Cloud9のインスタンスはパブリックサブネットに配置されています。
Cloud9のインスタンスとローカルPC間の通信経路を赤線で示しました。
この通信は、インターネットゲートウェイ越しにインターネットを介して確立します。
ご存じの方も多いと思いますが、Cloud9の実態はEC2インスタンスです。
よって、普通のEC2インスタンスと同様にVPCやセキュリティグループの設定があります。
思い当たる節
接続できなくなる前後で、何か変化がなかったか思い返してみると、別の開発者がEC2インスタンスを新しく立てるというという出来事があったことを思い出しました。
このEC2インスタンスは、デフォルトで作成されるVPCのプライベートサブネットに配置されました。
そして、セキュリティグループもデフォルトで作成されたものを割り当てていました。
その後、プライベートサブネット内にあるこのEC2インスタンスにセッションマネージャーで接続したいということで、VPCエンドポイントが設置されました。
鋭い方はここでお気づきかもしれませんが、これが今回のトラブルの発端です。
セッションマネージャー接続時に設置が必要なVPCエンドポイントは、com.amazonaws.region.ssm
とcom.amazonaws.region.ssmmessages
の2つです。
VPCエンドポイントには、EC2インスタンスと同じデフォルトのセキュリティグループを割り当てていました。

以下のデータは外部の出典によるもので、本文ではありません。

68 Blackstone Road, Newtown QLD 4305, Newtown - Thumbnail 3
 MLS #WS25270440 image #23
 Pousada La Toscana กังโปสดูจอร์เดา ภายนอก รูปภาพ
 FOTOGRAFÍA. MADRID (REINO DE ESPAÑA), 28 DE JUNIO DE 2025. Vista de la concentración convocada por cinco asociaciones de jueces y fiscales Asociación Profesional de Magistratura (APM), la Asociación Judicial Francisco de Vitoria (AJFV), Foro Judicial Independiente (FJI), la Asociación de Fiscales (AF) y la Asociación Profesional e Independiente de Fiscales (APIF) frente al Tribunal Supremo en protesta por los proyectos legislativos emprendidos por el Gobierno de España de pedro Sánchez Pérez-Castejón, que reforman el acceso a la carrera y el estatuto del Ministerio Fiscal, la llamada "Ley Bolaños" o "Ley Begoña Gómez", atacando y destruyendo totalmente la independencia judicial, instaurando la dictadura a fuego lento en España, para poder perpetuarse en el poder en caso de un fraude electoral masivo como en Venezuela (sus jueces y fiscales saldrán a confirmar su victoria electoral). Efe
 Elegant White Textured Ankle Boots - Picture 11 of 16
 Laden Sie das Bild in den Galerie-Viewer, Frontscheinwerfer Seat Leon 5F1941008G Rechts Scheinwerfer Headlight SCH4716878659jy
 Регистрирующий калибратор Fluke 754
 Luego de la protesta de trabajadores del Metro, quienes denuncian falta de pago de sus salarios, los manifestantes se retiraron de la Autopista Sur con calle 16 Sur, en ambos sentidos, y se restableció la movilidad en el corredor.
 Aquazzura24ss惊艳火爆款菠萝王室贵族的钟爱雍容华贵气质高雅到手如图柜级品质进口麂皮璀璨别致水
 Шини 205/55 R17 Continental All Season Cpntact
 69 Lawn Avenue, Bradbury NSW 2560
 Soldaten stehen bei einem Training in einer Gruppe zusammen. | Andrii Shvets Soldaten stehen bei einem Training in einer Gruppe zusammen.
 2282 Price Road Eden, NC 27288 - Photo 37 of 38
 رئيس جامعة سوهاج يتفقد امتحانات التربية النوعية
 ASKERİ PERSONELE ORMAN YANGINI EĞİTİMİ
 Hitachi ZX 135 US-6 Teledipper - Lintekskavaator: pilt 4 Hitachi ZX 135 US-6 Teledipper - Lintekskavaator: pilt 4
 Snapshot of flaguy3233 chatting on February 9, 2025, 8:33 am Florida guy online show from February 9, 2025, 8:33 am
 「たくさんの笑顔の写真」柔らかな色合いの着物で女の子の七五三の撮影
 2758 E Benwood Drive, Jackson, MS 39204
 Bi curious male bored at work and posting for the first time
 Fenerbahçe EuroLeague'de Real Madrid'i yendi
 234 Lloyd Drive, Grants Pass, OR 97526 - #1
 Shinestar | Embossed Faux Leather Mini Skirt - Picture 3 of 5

これで、めでたしめでたし、EC2インスタンスにセッションマネージャーで接続できるようになりました。
通信経路は青色で示します。
……はたして本当にこの図の通りの通信経路になるでしょうか?
VPCエンドポイント設置後の実際の通信経路
VPCエンドポイントにはインターフェース型とゲートウェイ型の2種類があります。
今回設置したインターフェース型のVPCエンドポイントは、そのサービス宛ての通信はDNSによる名前解決でエンドポイントのIPアドレスに名前解決されるようになる仕組みとなっています。
参考情報はこちら。
これが実は地味に強力で、接続元のインスタンスがプライベートサブネットにあろうとパブリックサブネットにあろうと、設置されたVPC内の対象サービスとの通信は吸い込まれるかのごとく強制的にVPCエンドポイント経由になります。
つまり、実際の通信経路は次の図のようになります。
それで、ここでもう1つ思い出したいのが、セキュリティグループの設定です。
EC2インスタンスとVPCエンドポイントには、新しく用意するのが面倒なこともあって同じデフォルトのセキュリティグループを設定していました。
もちろん、同じセキュリティグループ内ではセッションマネージャーの通信が通るようにインバウンドの通信を許可していました。
一方、Cloud9用のセキュリティグループからの通信は……ルールを追加するのを忘れていました。
ということで、実際の通信経路は以下の図の通りです。
Cloud9用セキュリティグループからの通信は、デフォルトのセキュリティグループ内にアクセスしようとしたところでブロックされている状況です。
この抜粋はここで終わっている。